Please copy out all lines of the entries that contain the word "para".

Records for the exercise
BEGIN

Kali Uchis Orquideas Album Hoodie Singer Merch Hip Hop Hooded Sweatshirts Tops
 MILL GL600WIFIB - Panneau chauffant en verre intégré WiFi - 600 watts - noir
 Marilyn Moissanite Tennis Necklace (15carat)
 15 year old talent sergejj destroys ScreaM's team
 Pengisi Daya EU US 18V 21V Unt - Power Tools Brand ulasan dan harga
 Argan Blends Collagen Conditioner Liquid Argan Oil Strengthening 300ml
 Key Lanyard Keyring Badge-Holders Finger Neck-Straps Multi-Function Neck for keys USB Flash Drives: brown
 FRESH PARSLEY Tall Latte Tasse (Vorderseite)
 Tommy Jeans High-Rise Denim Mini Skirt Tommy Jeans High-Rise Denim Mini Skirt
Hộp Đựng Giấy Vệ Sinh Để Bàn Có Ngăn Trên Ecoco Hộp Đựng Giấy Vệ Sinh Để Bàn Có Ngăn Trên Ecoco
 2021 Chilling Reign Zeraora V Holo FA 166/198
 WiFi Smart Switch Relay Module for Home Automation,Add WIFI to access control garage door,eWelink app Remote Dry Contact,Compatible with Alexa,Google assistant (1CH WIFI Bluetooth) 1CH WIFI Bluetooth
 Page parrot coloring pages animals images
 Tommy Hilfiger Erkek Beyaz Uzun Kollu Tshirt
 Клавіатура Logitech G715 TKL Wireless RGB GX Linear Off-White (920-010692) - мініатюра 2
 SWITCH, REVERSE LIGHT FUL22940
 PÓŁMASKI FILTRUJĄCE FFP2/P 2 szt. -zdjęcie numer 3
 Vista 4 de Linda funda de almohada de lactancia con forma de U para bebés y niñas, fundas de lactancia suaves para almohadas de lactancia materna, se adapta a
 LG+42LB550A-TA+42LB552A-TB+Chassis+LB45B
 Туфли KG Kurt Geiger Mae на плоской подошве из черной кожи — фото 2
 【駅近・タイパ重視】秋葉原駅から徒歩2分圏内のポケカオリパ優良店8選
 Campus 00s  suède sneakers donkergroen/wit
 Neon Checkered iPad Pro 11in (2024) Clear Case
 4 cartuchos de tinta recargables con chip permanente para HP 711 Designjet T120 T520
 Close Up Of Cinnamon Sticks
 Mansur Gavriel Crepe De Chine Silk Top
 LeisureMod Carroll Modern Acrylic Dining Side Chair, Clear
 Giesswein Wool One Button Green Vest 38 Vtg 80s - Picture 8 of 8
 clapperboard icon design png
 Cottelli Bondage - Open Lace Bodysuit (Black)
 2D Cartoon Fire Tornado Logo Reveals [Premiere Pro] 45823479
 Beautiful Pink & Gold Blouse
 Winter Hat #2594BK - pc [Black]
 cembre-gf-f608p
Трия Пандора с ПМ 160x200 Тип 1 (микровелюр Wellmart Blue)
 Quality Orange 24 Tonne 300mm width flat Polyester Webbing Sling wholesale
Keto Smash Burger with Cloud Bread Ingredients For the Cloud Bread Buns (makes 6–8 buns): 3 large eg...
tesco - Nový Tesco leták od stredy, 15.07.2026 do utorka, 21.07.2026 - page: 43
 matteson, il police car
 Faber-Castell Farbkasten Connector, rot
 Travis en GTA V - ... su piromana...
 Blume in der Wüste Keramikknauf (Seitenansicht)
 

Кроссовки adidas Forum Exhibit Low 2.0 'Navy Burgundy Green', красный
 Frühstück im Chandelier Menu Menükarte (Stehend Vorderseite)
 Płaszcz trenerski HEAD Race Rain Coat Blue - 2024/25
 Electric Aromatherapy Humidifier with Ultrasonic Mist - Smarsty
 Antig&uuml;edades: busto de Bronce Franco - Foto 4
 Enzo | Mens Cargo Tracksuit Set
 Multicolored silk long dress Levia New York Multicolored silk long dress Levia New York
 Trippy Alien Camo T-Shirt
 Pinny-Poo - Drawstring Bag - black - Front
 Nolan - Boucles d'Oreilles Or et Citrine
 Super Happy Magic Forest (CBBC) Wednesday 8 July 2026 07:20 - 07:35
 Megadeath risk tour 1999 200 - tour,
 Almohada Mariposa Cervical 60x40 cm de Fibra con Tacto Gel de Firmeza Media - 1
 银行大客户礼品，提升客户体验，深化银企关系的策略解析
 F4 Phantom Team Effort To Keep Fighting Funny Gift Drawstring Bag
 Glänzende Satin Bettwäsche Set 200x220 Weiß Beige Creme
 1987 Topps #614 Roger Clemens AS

END

Answer for this exercise
 Vista 4 de Linda funda de almohada de lactancia con forma de U para bebés y niñas, fundas de lactancia suaves para almohadas de lactancia materna, se adapta a
 4 cartuchos de tinta recargables con chip permanente para HP 711 Designjet T120 T520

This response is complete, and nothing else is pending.